TREVANION, John (1741-1810), of Dover, Kent and New Windsor, Berks.

Published in The History of Parliament: the House of Commons 1790-1820, ed. R. Thorne, 1986
Available from Boydell and Brewer

Constituency

Dates

1774 - 1784
14 Jan. 1789 - 1806

Family and Education

bap. 1741, 2nd s. of Rev. Hugh Trevanion, vicar of West Alvington, Devon by his w. Utricia.1 m. 5 June 1773, Elizabeth, da. of John Boyd of Danson, Kent, 2s. 1da. at least.2 suc. uncle Nicholas Trevanion of New Windsor 1778.3

Offices Held

Biography

On a vacancy in 1789 Trevanion, a friend and political associate of Wilkes, regained his seat for Dover, where he had a house and had built up a strong personal interest during the previous 20 years.
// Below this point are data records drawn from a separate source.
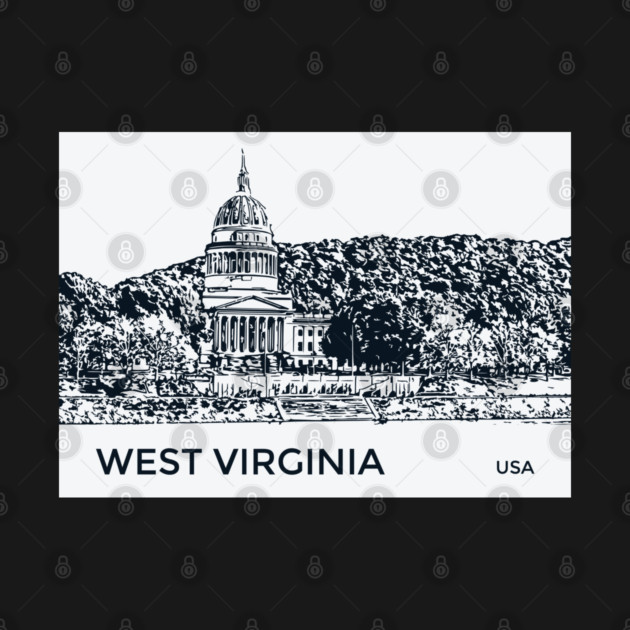 West Virginia State USA by Lakeric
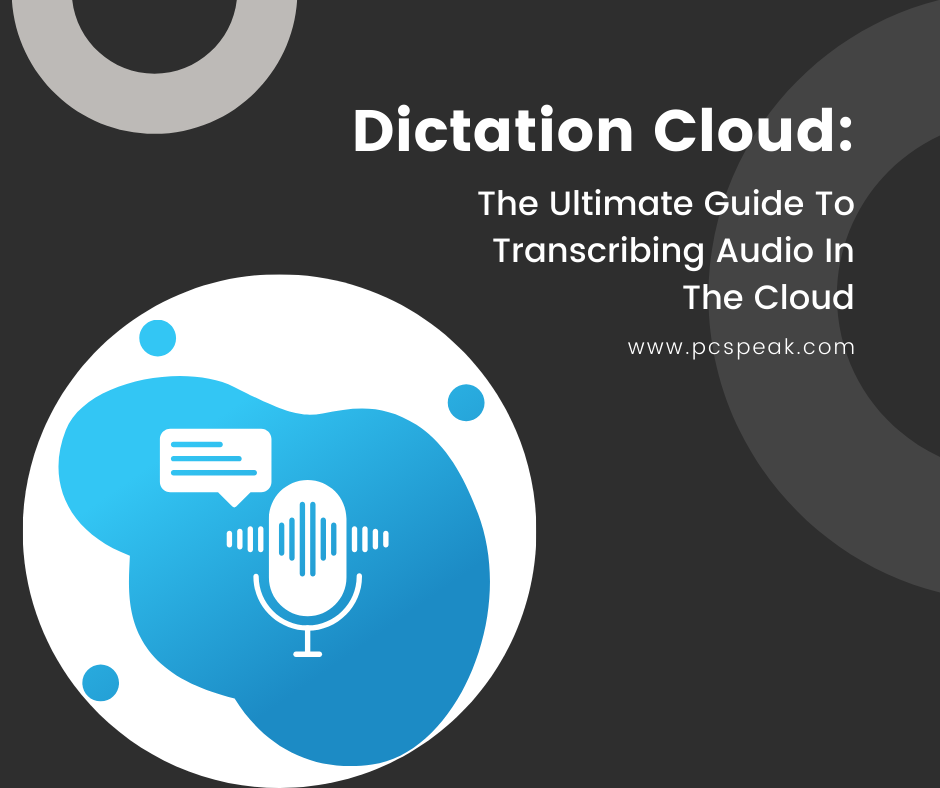 dictation cloud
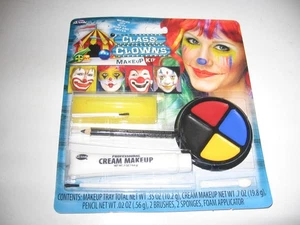 HALLOWEEN Fun World "Klasse Clown" Schminkset Neu!! - Bild 1 von 1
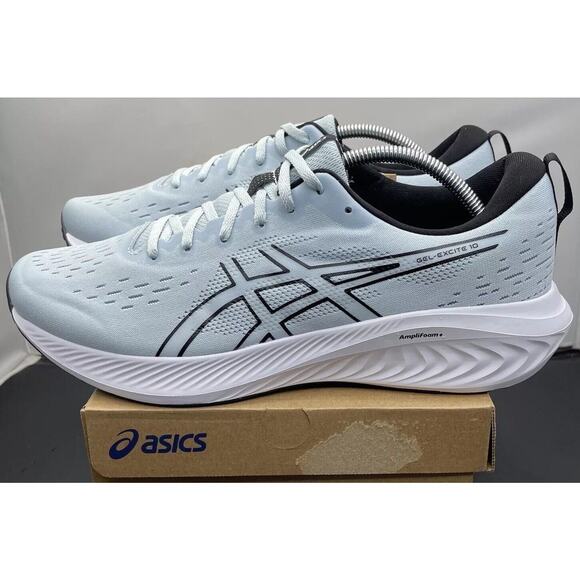 ASICS Gel Excite 10 Cool Grey Long Distance Running Shoes Mens Size 9 New in Box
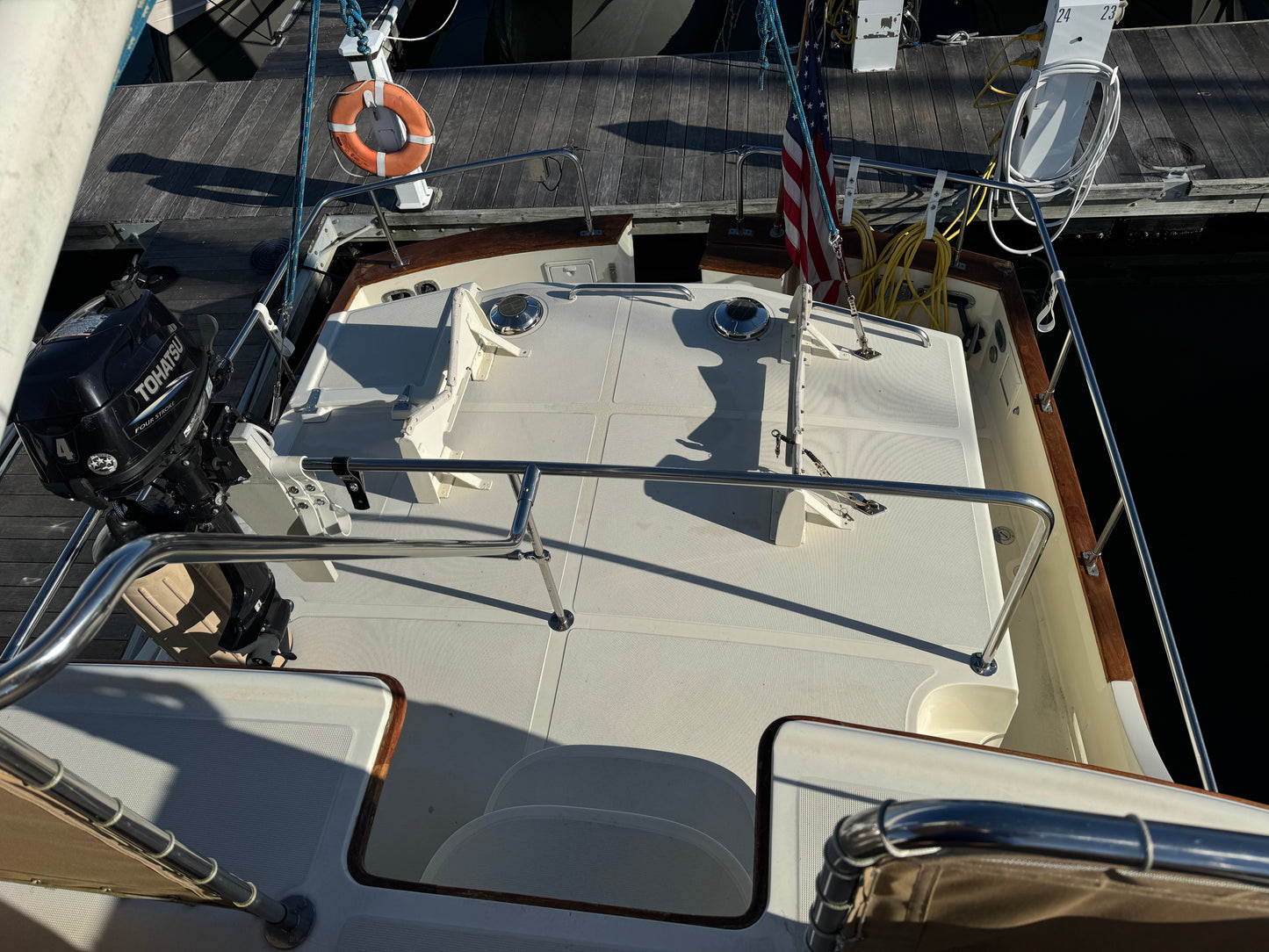 2000 Pacific Seacraft 38T Fast Trawler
Although he never joined the Whig Club or Brooks’s, he voted with opposition on the Regency and attended their gathering at Burlington House on 11 May 1790. At the general election the following month he was successful at Dover in the fifth of the eight contests which he fought there between 1770 and 1806.
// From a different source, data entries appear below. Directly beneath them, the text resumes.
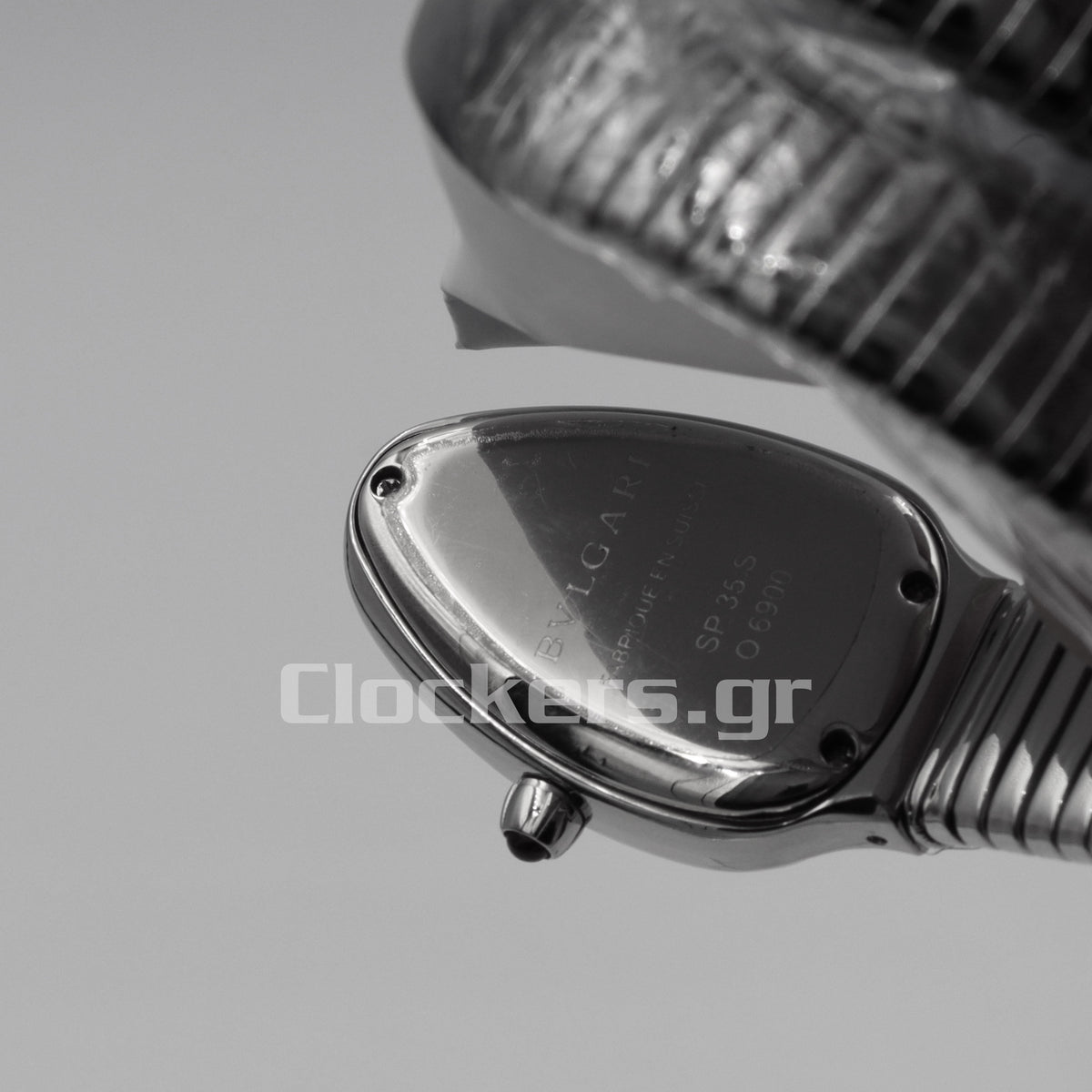 Bulgari Serpenti NEW Model Black Diamonds 103433 1:1
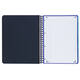 Projectboek Oxford School A4+ lijn 4-gaats 240 pagina's 80gr aqua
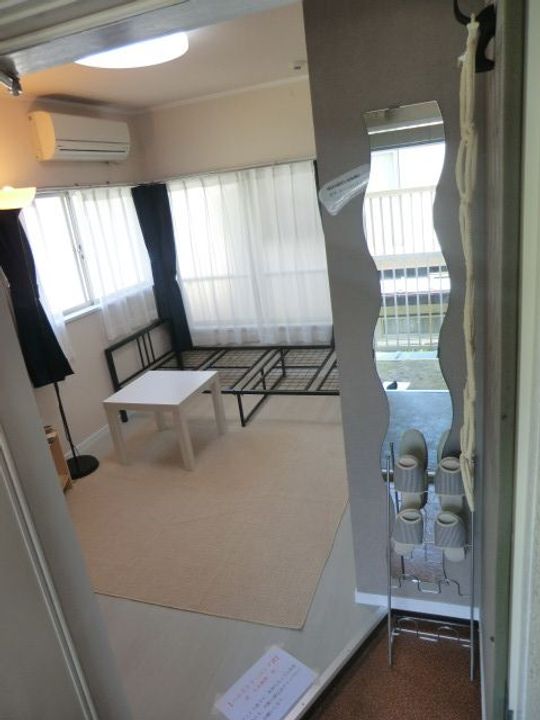 ハイムフレンドの居間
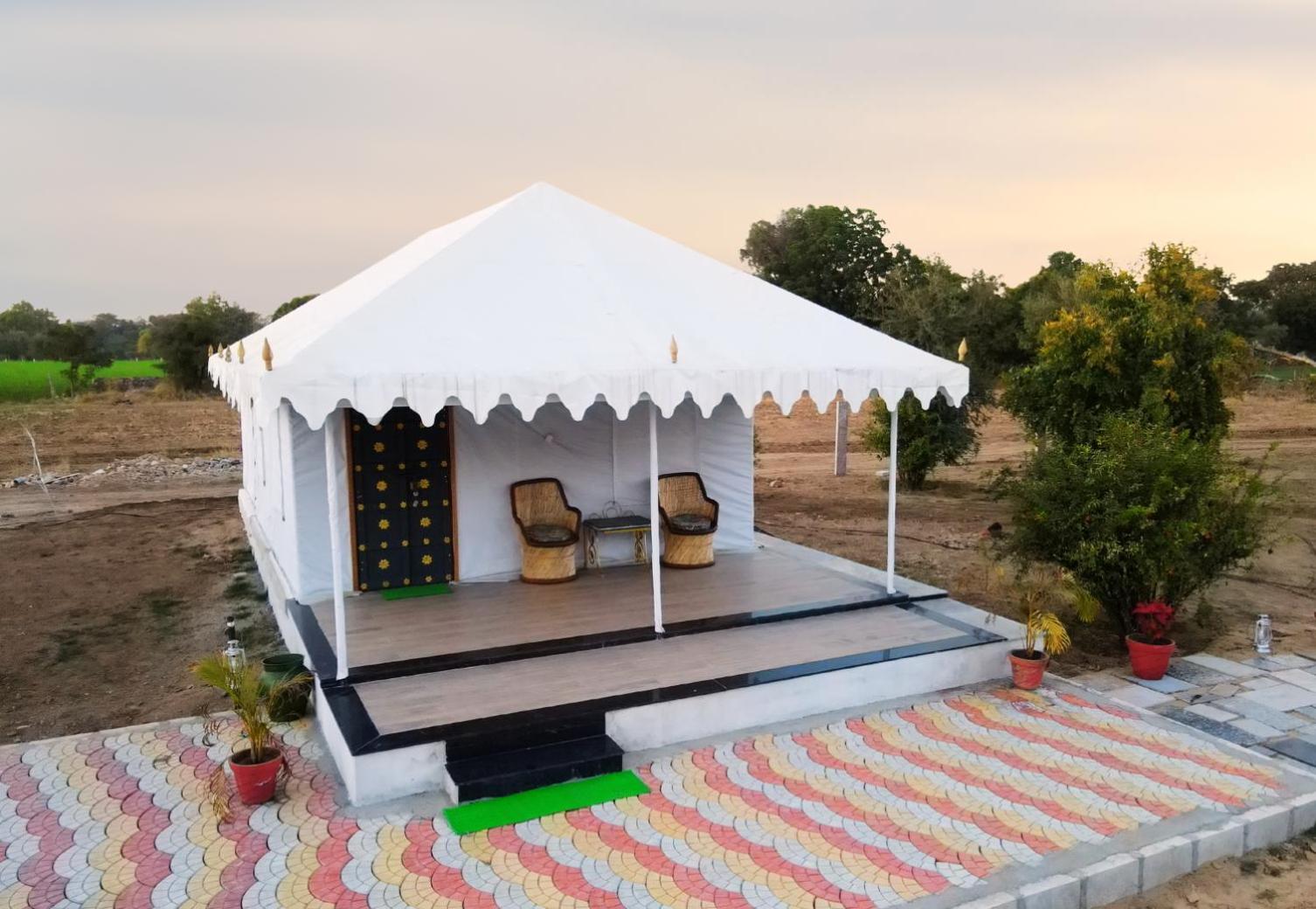 Jawai Nature Stay Jawai Bisalpur Экстерьер фото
Trevanion voted against government on Oczakov, 12 Apr. 1791 and 1 Mar. 1792, and was listed favourable to repeal of the Test Act in Scotland in 1791; but he was named in Windham’s provisional list for the ‘third party’ early in 1793 and transferred his support to government on the outbreak of war. He attended the meeting summoned by Pitt at Dover in 1794 to raise funds for national defence and subscribed £100.4 He was listed ‘pro’ in the ministerial survey drawn up for the general election of 1796, when he was again returned for Dover, as he was in 1802. He voted against abolition of the slave trade, 15 Mar. 1796, and, in an echo of his radical past, for Grey’s parliamentary reform motion, 26 May 1797. No further votes are recorded in his name and he is not known to have spoken in the House. He was listed under ‘Fox’ in March 1804, among the ‘doubtful’ by Pitt’s second ministry in May and under ‘Pitt’ in their lists of September 1804 and July 1805.
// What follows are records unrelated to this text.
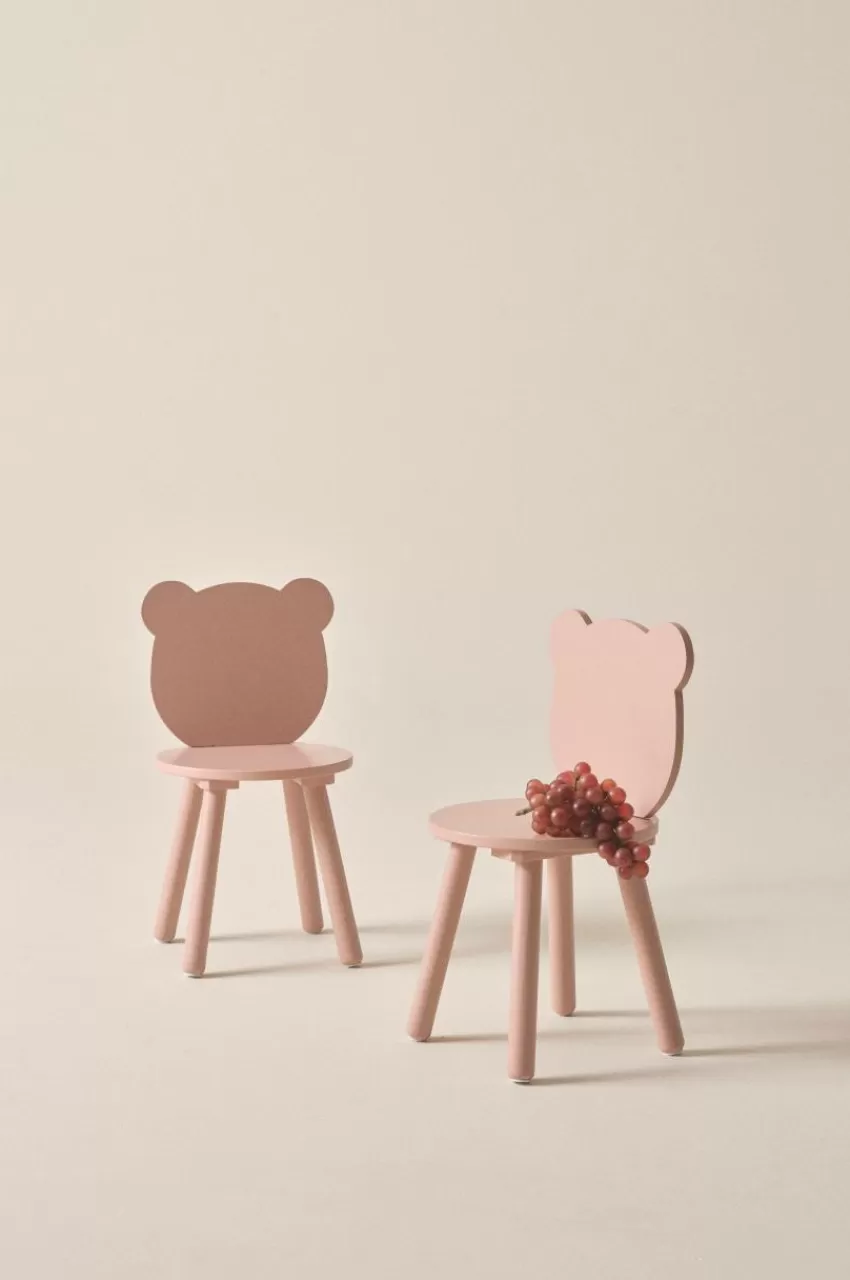 Barnmöbler | Barnmöbler Deal*Jotex BEARY Barnstol 2-pack Ljusrosa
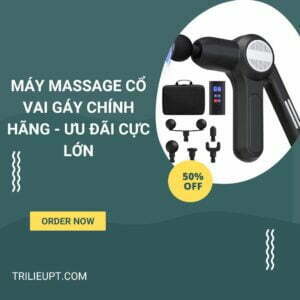 máy massage cổ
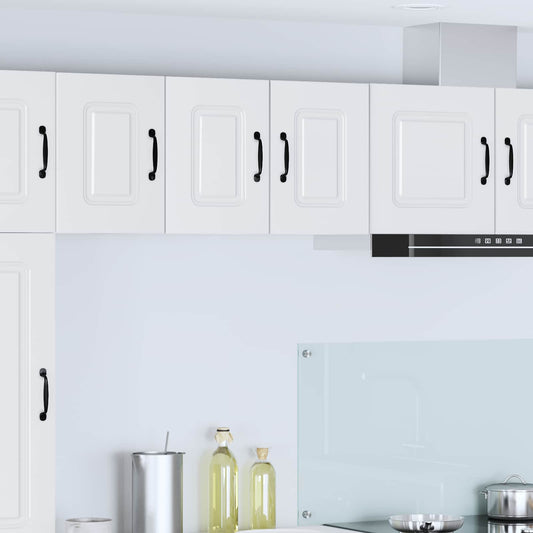 vidaXL Dishwasher Panel Kalmar 2 pcs White 30 x 31 x 40 cm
The nature of the business which Trevanion conducted from South Sea House, Broad Street, where he was listed as a merchant in the London directories between 1781 and 1795 (having previously traded from addresses in Bishopsgate), is not clear, but in 1806 Charles Jenkinson, who opposed him at Dover on the lord warden’s interest, described him as ‘originally a West Indian’. Jenkinson went on to say that ‘he has dissipated whatever property he possessed and bears in other respects a very broken reputation’.5 He went to the poll against Jenkinson and a candidate backed by the Grenville ministry, but finished a distant third. He died 21 Apr. 1810.6

Ref Volumes: 1790-1820

Author: Lawrence Taylor

Notes

  • 1. Devon and Cornw. N. and Q. xxiii. 265.
  • 2. Gent. Mag. (1773), 303; (1793), ii. 963; Alumni Cantab. PCC 176 Hay.
  • 3. PCC 176 Hay.
  • 4. J. B. Jones, Dover (1907), 157.
  • 5. Add. 38458, f. 180.
  • 6. Gent. Mag. (1810), i. 497; Devon and Cornw. N. and Q. xxiv. 132-3.